Bonnard exploite également un autre phénomène optique, que les scientifiques appellent équiluminance. Si nous convertissons la peinture abstraite en monochrome, comme ci-dessous, l'effet vibratoire vif disparaît, mais tout disparaît également.

Cercle, version monochrome. (les raisons surprenantes que nous aimons l'art)Cercle, version monochrome. Robert Pepperell, 2019

Bien que le cercle et son arrière-plan soient violemment différents dans la version colorée, le niveau de lumière provenant de chaque zone est égal. Cela confond les parties du cerveau qui traitent la couleur et la luminance.

Nu dans le bain (monochrome). (les raisons surprenantes que nous aimons l'art)Nu dans le bain (monochrome). Robert Pepperell de Pierre Bonnard original

Si nous regardons maintenant la peinture de bain en monochrome, nous voyons que Bonnard a également utilisé des teintes d’équiluminants. Dans cette version, la peau est beaucoup plus plate et le choc jaune-violet est réduit à une uniformité grise. Bonnard met en conflit nos sens de la couleur et de la lumière.

Une impossibilité logique

Une troisième manière dont Bonnard pique nos sens est en réalité une caractéristique de tout art figuratif, bien que Bonnard l'exploite avec une habileté exceptionnelle. Les peintures figuratives contiennent une impossibilité logique: nous voyons une chose (la peinture) qui est simultanément une autre chose (ce qu’elle représente).

En regardant nue dans le bain, nous voyons une femme allongée dans une baignoire d'eau ainsi que une feuille de toile tamponnée avec de la peinture. Nous gardons ces deux réalités à la fois séparées et unifiées dans notre esprit, malgré le paradoxe que cela implique.

Dans un étude récente J'ai étudié cette tension entre les couches matérielle et représentationnelle dans les œuvres d'art. J'ai montré comment les dichotomies, les tensions et les contradictions contribuent à l'enthousiasme et à la perplexité que nous pouvons vivre avec l'art.

Par exemple, Bonnard, comme de nombreux peintres modernistes, a tendance à mettre en évidence la «matérialité» de la peinture par la manière dont il l'applique - dans des globs texturés. Dans le Still Life with Bouquet, cela contribue au brouillard de l’indétermination. Dans le nu dans le bain on peut lire les petites touches jaunes sur le sol à droite tous les deux pétales de peinture ainsi que comme des étincelles de soleil.
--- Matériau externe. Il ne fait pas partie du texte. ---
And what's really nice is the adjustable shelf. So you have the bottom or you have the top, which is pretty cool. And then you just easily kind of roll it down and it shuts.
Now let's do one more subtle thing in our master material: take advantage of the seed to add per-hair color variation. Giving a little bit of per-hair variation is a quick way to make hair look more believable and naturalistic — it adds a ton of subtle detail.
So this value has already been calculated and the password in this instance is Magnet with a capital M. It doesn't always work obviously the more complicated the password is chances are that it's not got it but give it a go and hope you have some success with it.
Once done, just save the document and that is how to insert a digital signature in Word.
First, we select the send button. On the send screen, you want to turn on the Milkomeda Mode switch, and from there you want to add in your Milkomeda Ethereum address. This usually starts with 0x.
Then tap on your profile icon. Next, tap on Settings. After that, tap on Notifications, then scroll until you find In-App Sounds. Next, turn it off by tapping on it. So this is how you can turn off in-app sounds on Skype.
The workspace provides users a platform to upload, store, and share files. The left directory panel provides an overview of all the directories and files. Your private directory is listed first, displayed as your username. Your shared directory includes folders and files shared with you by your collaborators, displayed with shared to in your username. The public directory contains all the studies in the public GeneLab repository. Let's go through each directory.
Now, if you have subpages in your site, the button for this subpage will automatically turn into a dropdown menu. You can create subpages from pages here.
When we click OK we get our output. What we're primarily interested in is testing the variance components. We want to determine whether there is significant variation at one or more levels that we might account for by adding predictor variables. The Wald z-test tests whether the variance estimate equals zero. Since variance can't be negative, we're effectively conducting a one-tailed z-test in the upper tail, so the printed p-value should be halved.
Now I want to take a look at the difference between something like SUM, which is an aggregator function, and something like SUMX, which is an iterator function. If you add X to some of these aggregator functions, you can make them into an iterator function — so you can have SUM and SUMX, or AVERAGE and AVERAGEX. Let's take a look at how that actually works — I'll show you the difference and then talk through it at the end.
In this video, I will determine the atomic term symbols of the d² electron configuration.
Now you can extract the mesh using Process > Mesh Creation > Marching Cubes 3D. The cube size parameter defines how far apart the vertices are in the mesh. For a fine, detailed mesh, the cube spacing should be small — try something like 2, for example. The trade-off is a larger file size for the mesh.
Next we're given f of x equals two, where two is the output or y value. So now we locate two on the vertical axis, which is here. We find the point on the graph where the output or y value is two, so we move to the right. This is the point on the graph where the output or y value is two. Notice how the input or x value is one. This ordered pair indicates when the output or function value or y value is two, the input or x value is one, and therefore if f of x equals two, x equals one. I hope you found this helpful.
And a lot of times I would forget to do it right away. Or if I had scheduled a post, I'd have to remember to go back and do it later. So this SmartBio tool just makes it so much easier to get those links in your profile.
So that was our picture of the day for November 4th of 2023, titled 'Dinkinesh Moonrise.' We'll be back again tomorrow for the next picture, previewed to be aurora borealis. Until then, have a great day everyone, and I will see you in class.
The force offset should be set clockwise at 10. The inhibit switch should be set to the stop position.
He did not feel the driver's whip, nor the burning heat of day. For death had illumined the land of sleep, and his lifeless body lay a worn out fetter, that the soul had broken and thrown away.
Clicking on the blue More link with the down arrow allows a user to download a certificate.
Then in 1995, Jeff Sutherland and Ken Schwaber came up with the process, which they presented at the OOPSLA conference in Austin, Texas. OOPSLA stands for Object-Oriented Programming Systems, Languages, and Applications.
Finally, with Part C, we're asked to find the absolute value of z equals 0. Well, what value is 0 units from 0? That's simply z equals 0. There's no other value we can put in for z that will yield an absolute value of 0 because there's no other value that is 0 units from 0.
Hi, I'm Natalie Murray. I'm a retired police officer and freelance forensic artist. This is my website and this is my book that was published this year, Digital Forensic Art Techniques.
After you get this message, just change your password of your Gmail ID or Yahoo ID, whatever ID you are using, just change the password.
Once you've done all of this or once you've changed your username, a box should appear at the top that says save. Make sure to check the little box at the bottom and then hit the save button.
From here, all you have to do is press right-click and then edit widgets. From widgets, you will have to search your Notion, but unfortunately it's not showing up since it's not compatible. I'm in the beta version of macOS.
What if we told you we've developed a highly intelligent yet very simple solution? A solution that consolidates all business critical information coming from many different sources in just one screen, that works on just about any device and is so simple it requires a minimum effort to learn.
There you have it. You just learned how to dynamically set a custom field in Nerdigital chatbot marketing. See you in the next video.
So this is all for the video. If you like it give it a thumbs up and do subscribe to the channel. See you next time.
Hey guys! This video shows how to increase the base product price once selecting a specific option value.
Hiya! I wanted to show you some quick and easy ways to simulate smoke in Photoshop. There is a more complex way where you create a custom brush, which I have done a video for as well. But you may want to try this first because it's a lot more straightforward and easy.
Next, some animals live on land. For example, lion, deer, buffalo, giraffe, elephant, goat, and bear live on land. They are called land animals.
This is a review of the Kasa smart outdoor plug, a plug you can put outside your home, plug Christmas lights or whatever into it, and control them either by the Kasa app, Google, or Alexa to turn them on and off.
Pendant ce temps, Waldemar Januszczak, dans sa critique du spectacle, réprimande Bonnard pour sa description maladroite et maladroite d'objets et d'anatomie (il désapprouve aussi son indétermination visuelle). Mais Bonnard était tout sauf incompétent en tant que dessinateur. Sa gaucherie délibérée accentue la dissonance entre les formes que nous sommes censés voir et celles que nous voyons réellement.

Il peut sembler surprenant que la dissonance soit une source de pouvoir esthétique, car nous associons souvent l’art à la beauté et à l’agréable. Mais les peintures de Bonnard, à leur meilleur, induisent un état d'esprit rare: nous sommes à la fois confus sur le plan de la perception, nos sens sont assaillis et nous sommes en conflit sur le plan cognitif. Alors que dans d'autres circonstances, une telle attaque peut nous faire courir un kilomètre et demi, nous sommes tenus pour transfuges.The Conversation

A propos de l'auteur

Robert Pepperell, professeur, Cardiff Metropolitan University

Cet article est republié de The Conversation sous une licence Creative Commons. Lis le article original.